=== Section Start ===

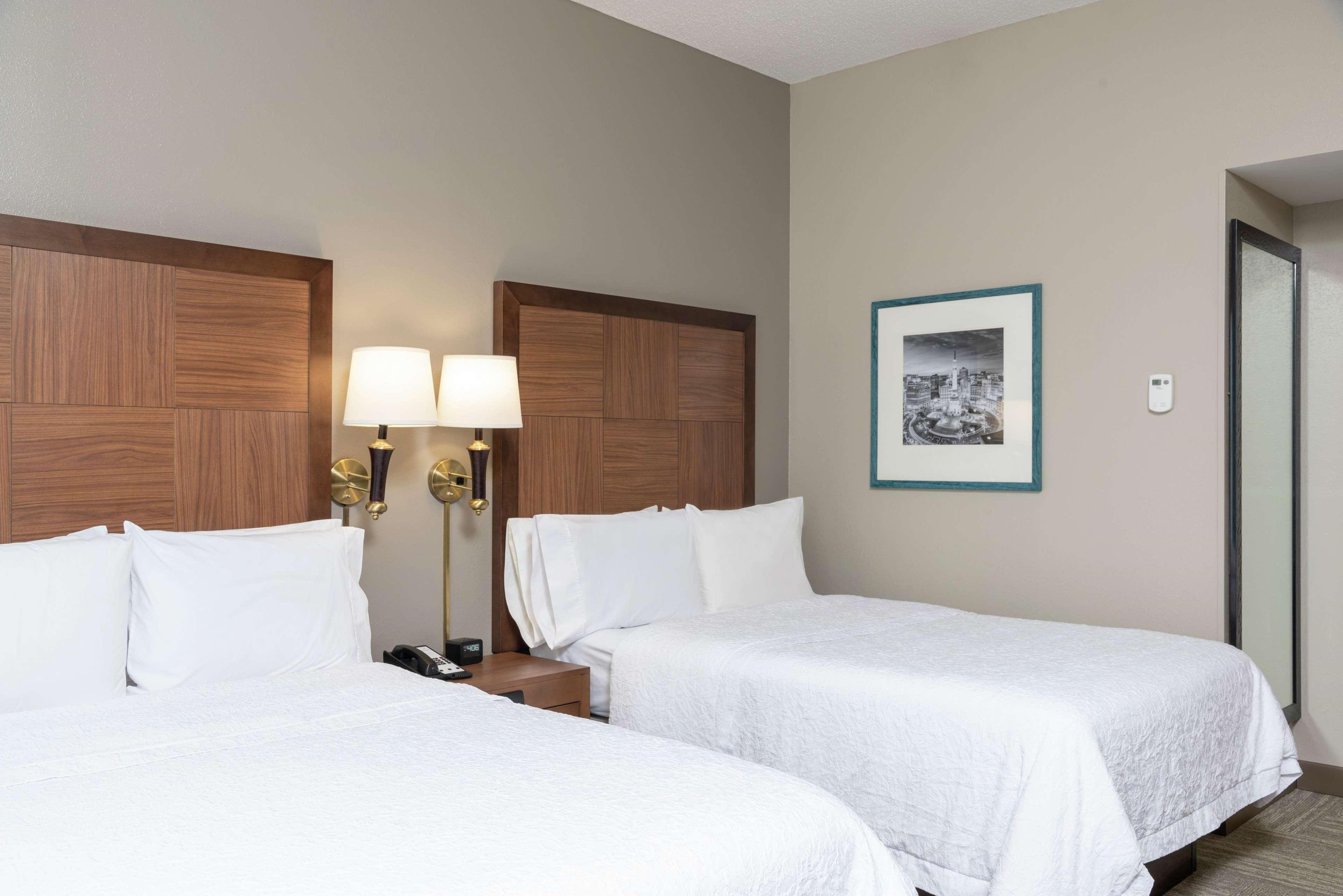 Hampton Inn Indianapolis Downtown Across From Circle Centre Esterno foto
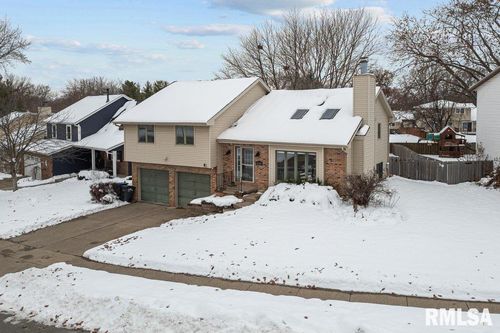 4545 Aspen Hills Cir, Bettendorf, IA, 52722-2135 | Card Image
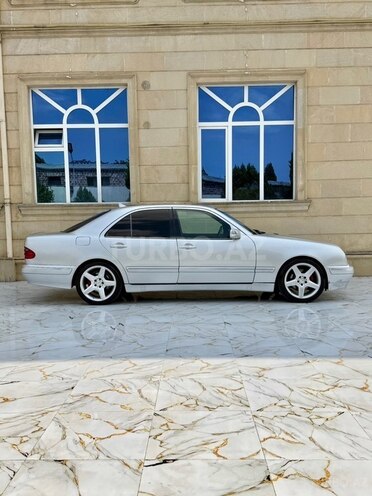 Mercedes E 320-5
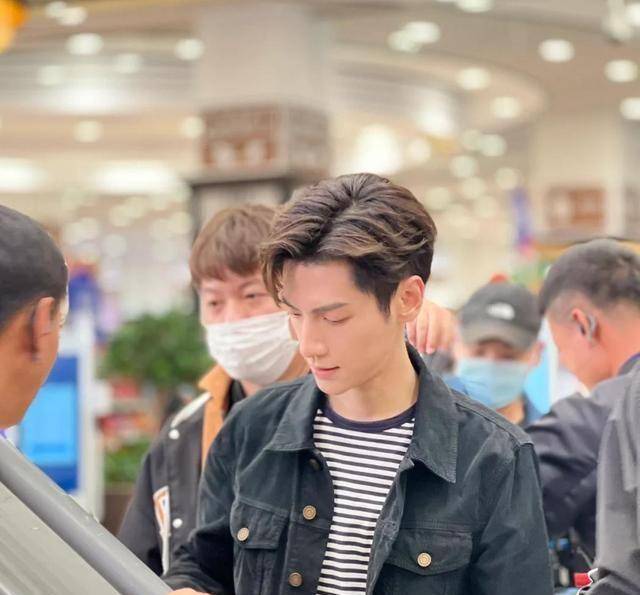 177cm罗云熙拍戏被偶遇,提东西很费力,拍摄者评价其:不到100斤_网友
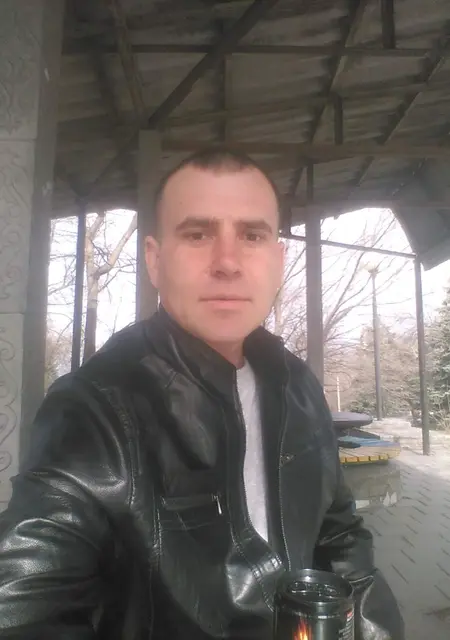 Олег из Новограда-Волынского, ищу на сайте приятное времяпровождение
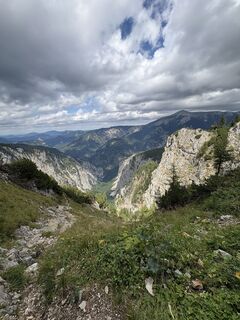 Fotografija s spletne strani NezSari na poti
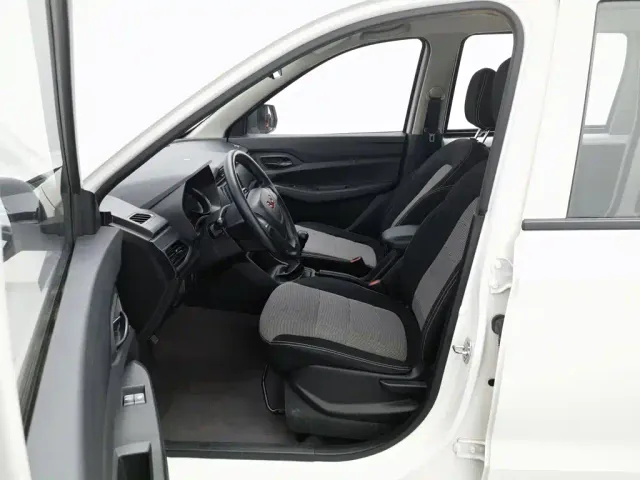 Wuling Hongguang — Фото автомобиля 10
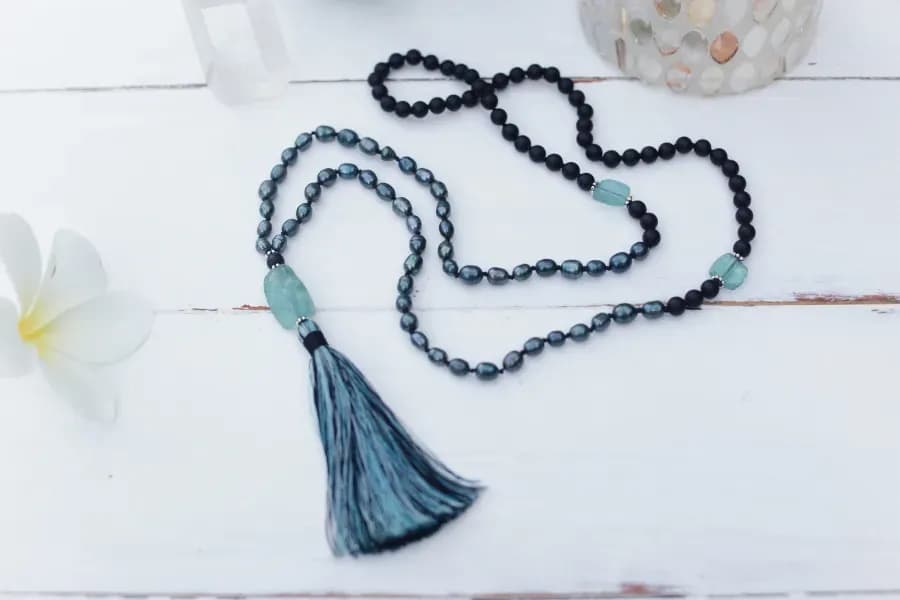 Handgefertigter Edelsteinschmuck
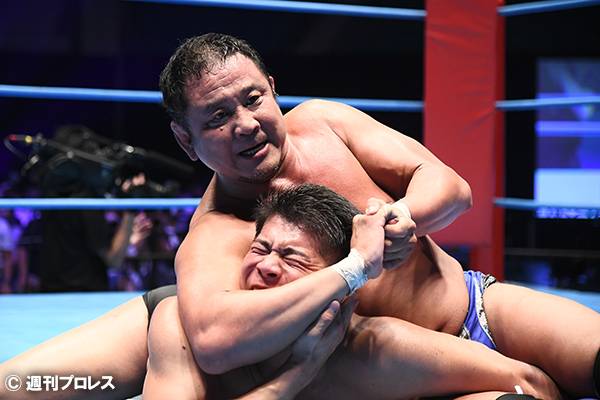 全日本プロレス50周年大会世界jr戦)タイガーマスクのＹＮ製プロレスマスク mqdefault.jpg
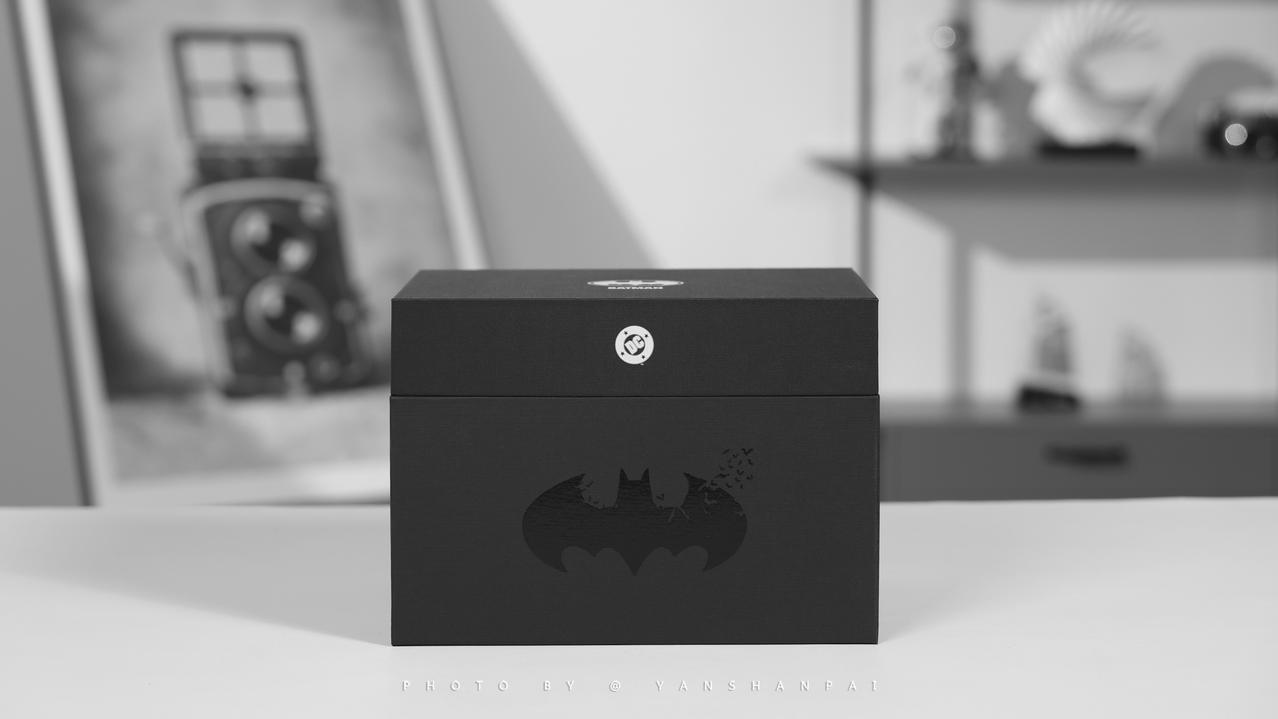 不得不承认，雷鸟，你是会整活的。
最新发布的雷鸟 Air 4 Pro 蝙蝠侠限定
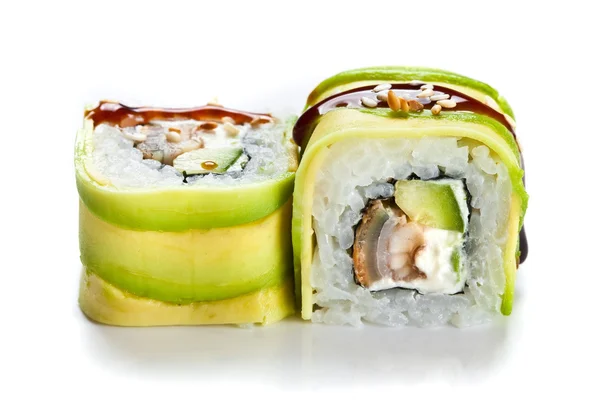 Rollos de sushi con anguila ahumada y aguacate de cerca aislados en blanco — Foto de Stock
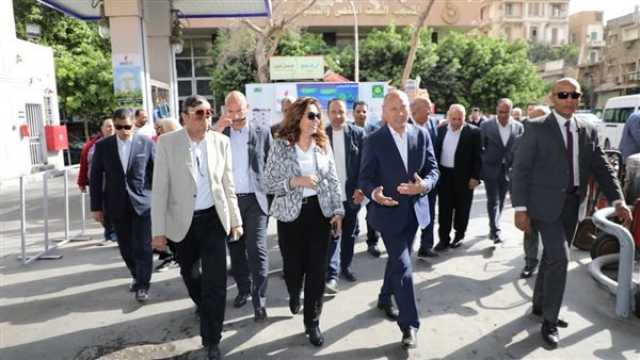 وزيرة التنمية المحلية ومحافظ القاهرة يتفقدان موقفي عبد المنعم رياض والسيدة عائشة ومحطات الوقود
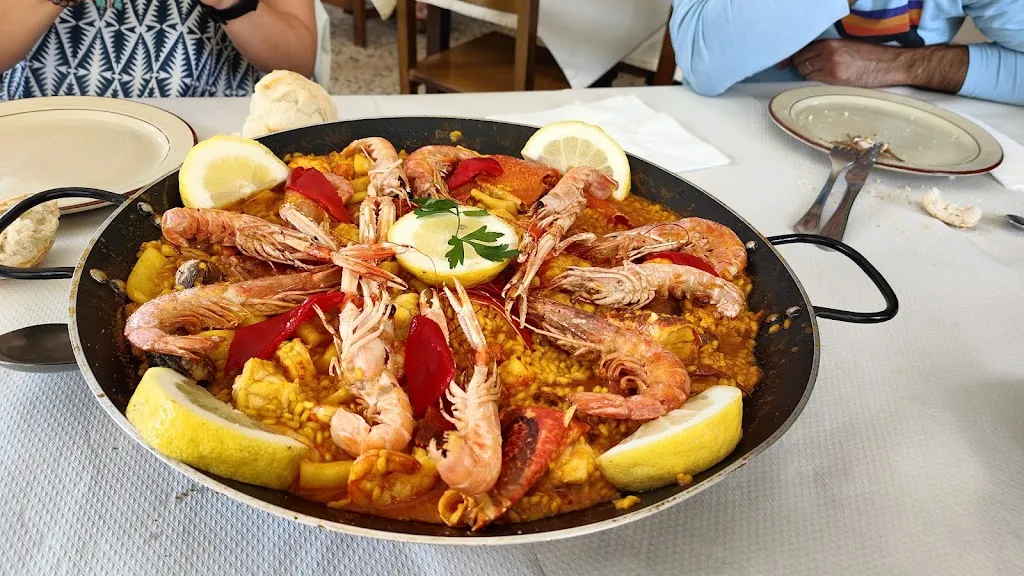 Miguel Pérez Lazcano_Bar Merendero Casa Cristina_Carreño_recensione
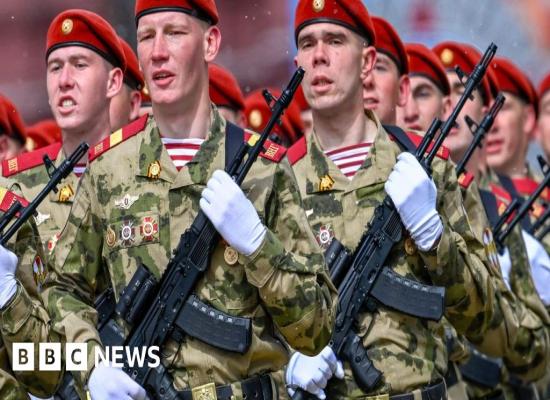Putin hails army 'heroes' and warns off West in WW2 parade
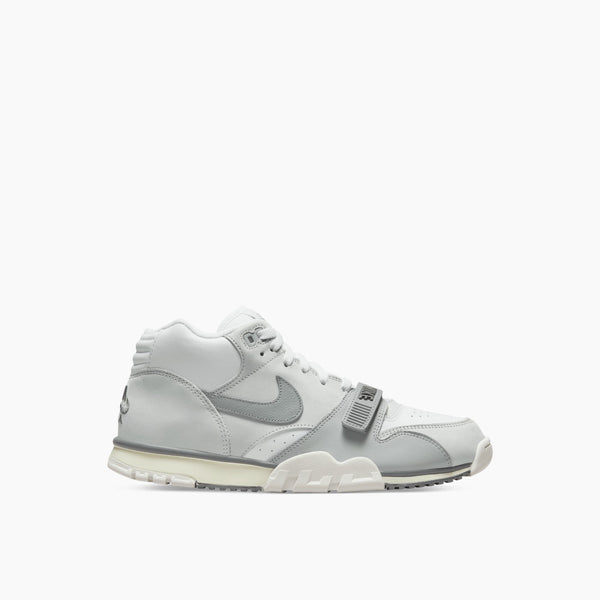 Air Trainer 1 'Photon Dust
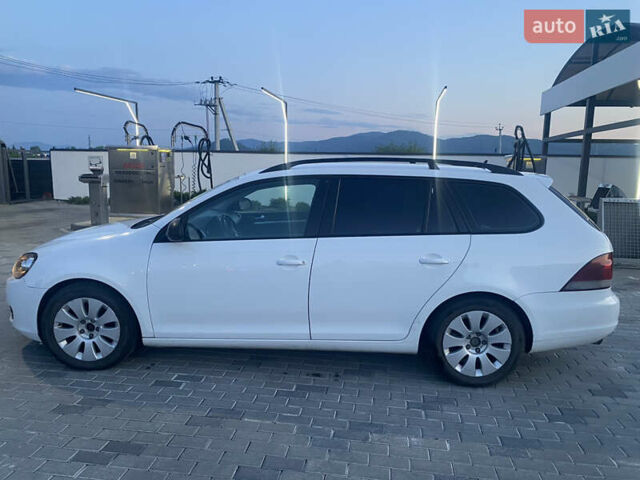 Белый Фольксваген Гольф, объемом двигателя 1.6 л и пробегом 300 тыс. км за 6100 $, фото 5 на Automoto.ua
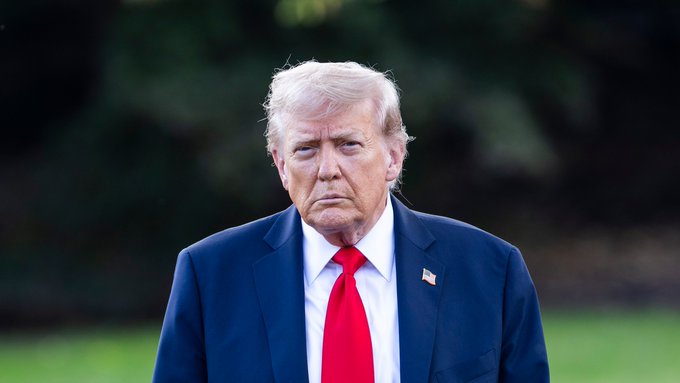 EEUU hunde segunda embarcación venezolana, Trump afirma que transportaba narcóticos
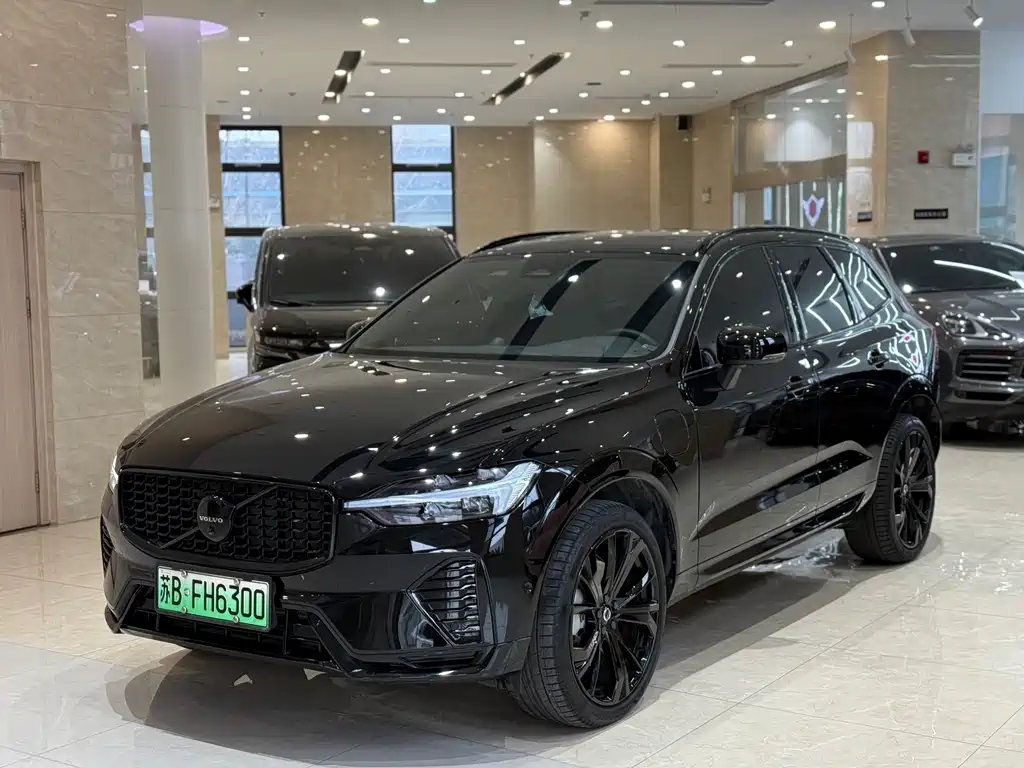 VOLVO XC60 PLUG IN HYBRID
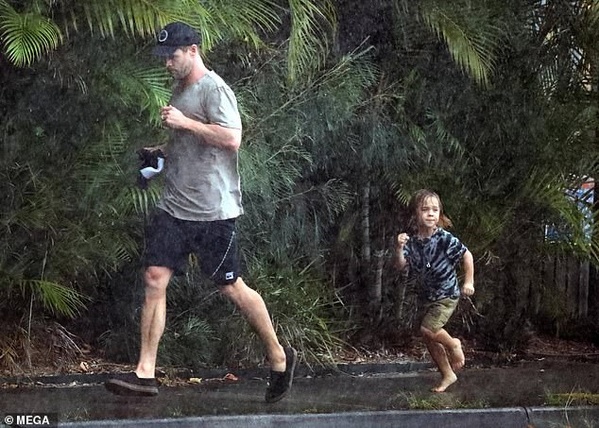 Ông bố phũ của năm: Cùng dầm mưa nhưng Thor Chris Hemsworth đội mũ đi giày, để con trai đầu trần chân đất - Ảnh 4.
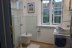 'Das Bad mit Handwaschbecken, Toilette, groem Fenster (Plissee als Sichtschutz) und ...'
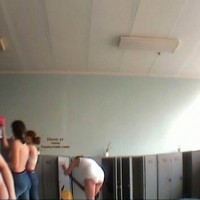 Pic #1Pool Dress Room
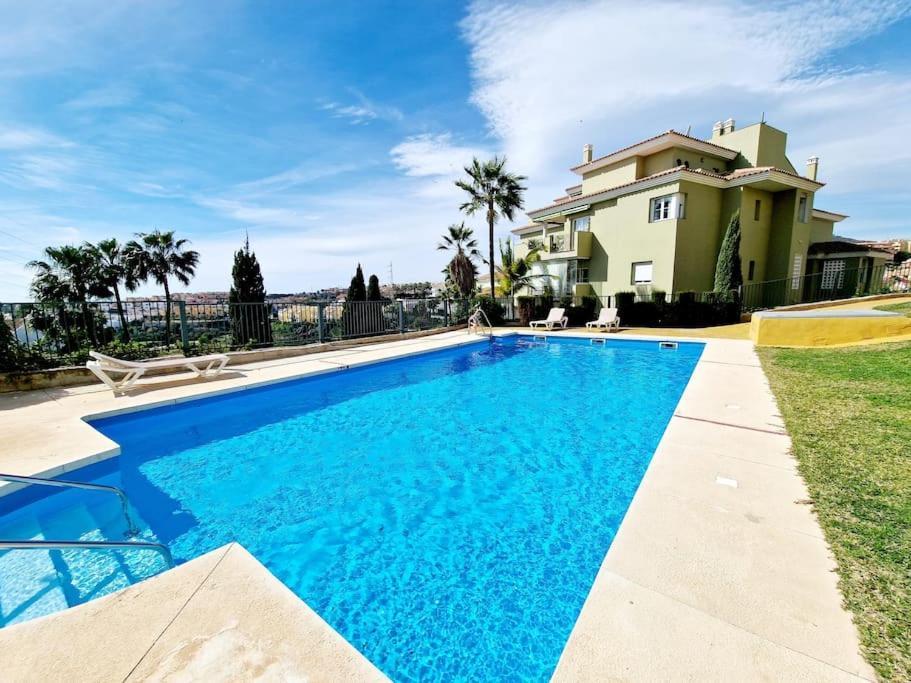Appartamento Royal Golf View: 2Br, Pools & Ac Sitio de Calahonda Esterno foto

=== Section End ===

Up to and including the line that holds "Олег из Новограда-Волынского, ищу", restate word for word each line of the records from their start, and only those lines, leaving out the pictures.

 Hampton Inn Indianapolis Downtown Across From Circle Centre Esterno foto
 4545 Aspen Hills Cir, Bettendorf, IA, 52722-2135 | Card Image
 Mercedes E 320-5
 177cm罗云熙拍戏被偶遇,提东西很费力,拍摄者评价其:不到100斤_网友
 Олег из Новограда-Волынского, ищу на сайте приятное времяпровождение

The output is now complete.